Performance enhancements

The following enhancements affect performance.

File sanity check for LSF Data Manager jobs moved to the transfer job

The sanity check for the existence of files or folders and whether the user can access them, discovery of the size and modification time of the files or folders, and generation of the hash from the bsub and bmod commands is moved to the transfer job. This equalizes the performance of submitting and modifying jobs with and without data requirements. If needed, the new -datachk option can be used with the bsub or bmod command to perform full checking for jobs with a data requirement. The -datachk option can be specified only with the -data command. If the data requirement is for a tag, this option has no effect.

Regardless if -datachk is specified, the bsub and bmod commands no longer provide the file or folder size, modification time, and hash to the mbatchd daemon. This means that a new transfer job might need to be started for each file or folder that is requested for each new job with a data requirement.

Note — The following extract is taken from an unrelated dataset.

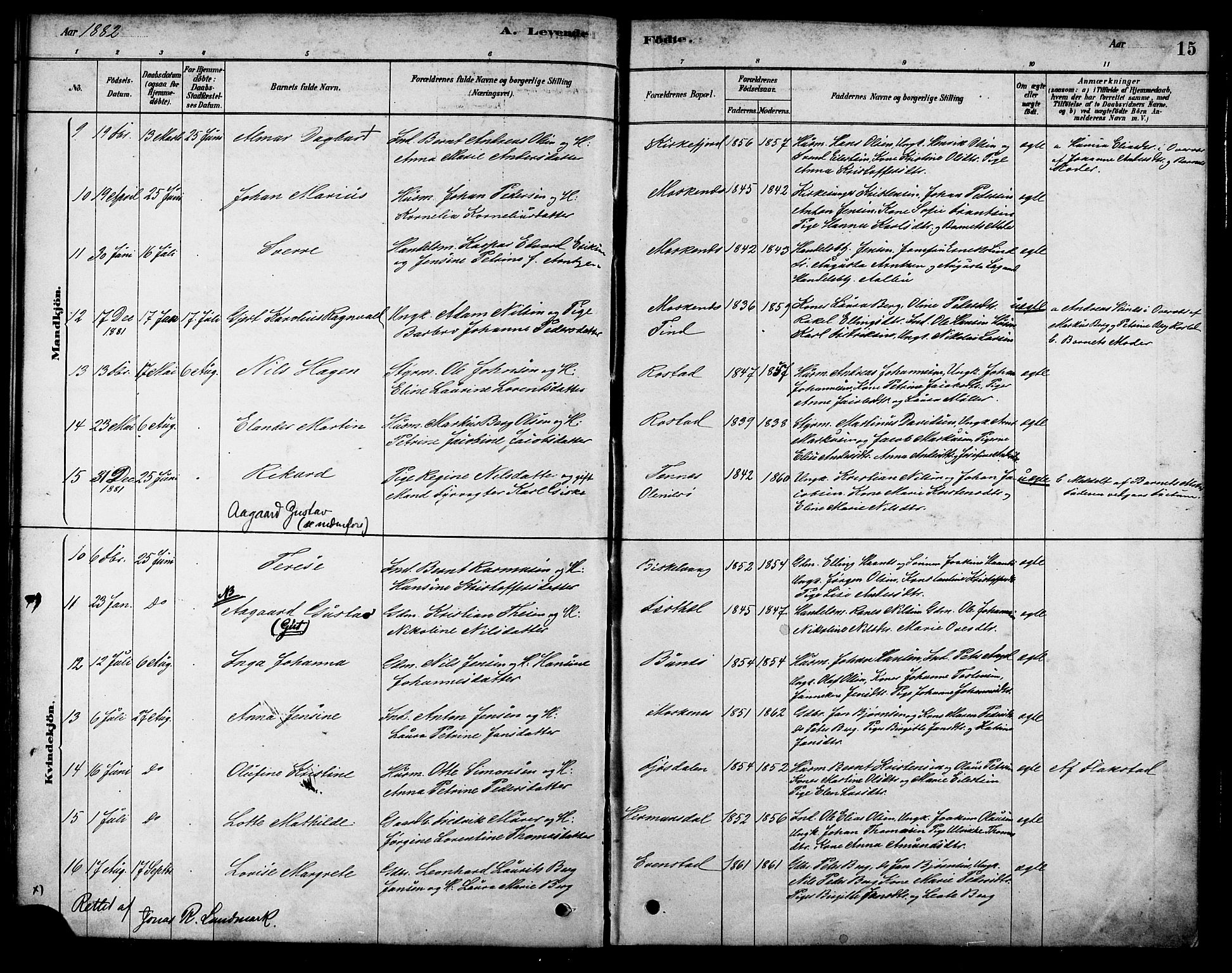 Ministerialprotokoller, klokkerbøker og fødselsregistre - Nordland, SAT/A-1459/886/L1219: Parish register (official) no. 886A01, 1878-1892, p. 15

Therefore, LSF now introduces a new lsf.datamanager configuration file parameter, CACHE_REFRESH_INTERVAL, to limit the number of transfer jobs. If multiple requests for the same file or folder come to LSF Data Manager within the configured interval in the parameter, only the first request results in a new transfer job. The assumption is that the requested file or folder has not changed during the configured interval. This also assumes that the requested file or folder was not cleaned from the staging area.

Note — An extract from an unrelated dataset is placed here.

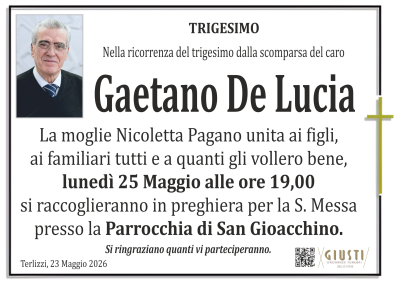 TRIGESIMO con photo a destra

LSF Data Manager transfer script directory

The LSF Data Manager transfer scripts are now located in the LSF_SERVERDIR directory. You can further modify these transfer scripts for your environment.

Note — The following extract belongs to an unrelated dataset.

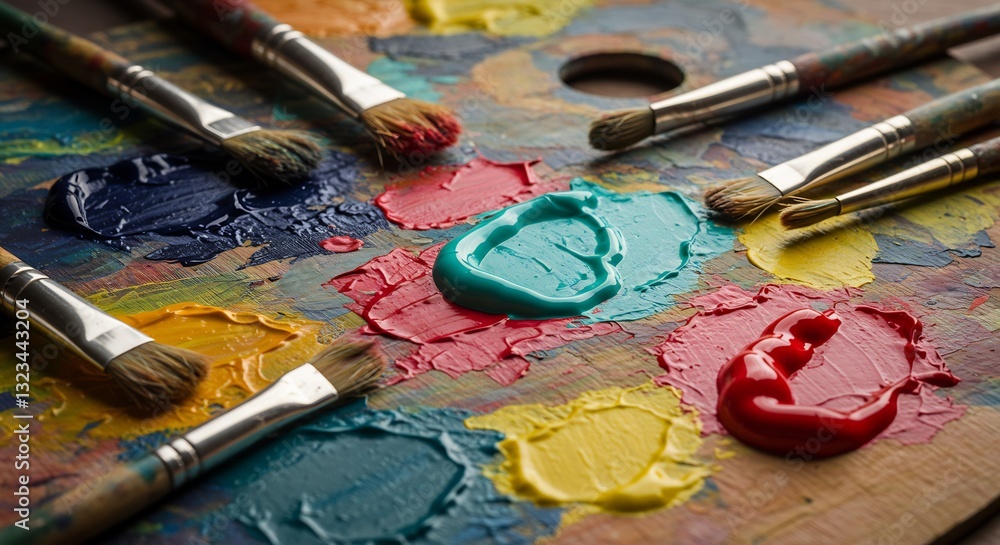Obraz premium Vibrant paint palette art supplies richly textured. AI Generated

  • dm_stagein_transfer.sh: Stage-in transfer script.
  • dm_stagein_helper.sh: Helper script, which is invoked by the stage-in transfer script on the source host using ssh. The help script contains most of the operations that must be executed on the remote host, which reduces the number of times that ssh is used.
  • dm_stageout_transfer.sh: The stage-out transfer script.

Previously, LSF Data Manager created the transfer scripts on demand.